■ Information shown ■
Start of Block

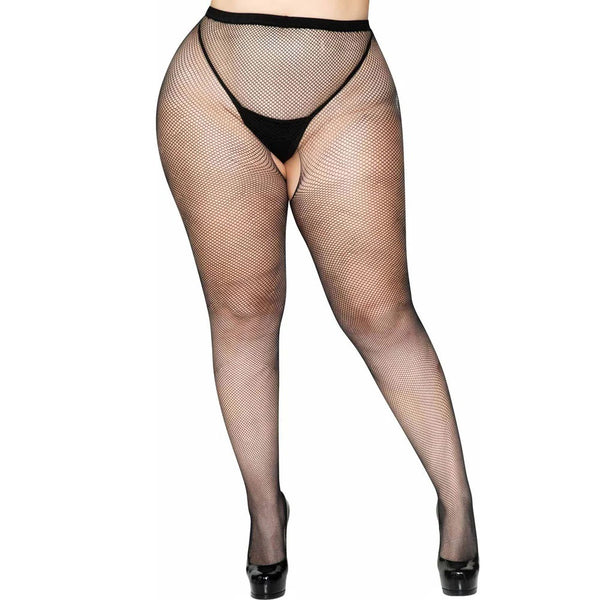 Crotchless Fishnet Pantyhose - Queen Size - Black Leg Avenue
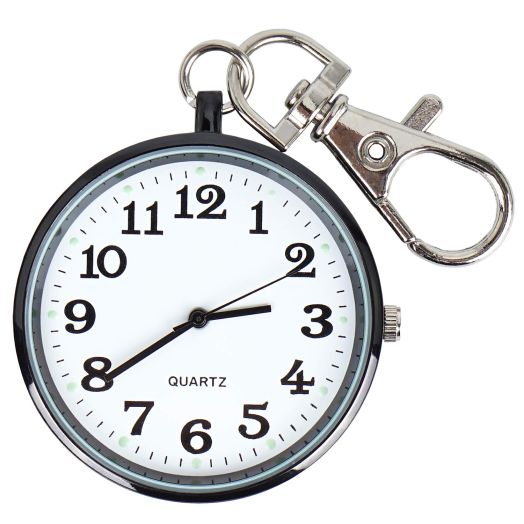 FUNGORGT Pocket Watch for Men Ultra Thin Bold Number Face Quartz Pocket Watch Key Buckle Key Ring-Keychain Clip on Pocket Watch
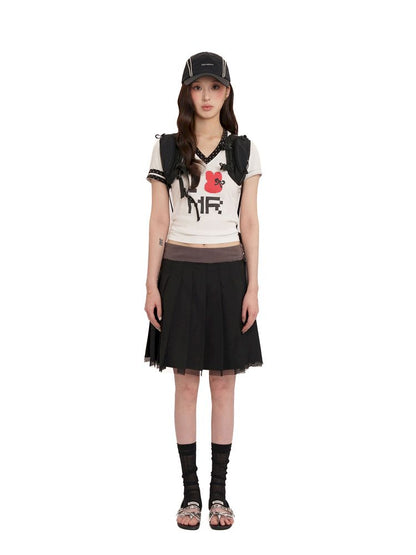 V-Neck Tight-Fitting T-Shirt【s0000012558】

End of Block

■ The task ■
Leave the images out. Set down all of the material above exactly.

■ Your response ■
 Crotchless Fishnet Pantyhose - Queen Size - Black Leg Avenue
 FUNGORGT Pocket Watch for Men Ultra Thin Bold Number Face Quartz Pocket Watch Key Buckle Key Ring-Keychain Clip on Pocket Watch
 V-Neck Tight-Fitting T-Shirt【s0000012558】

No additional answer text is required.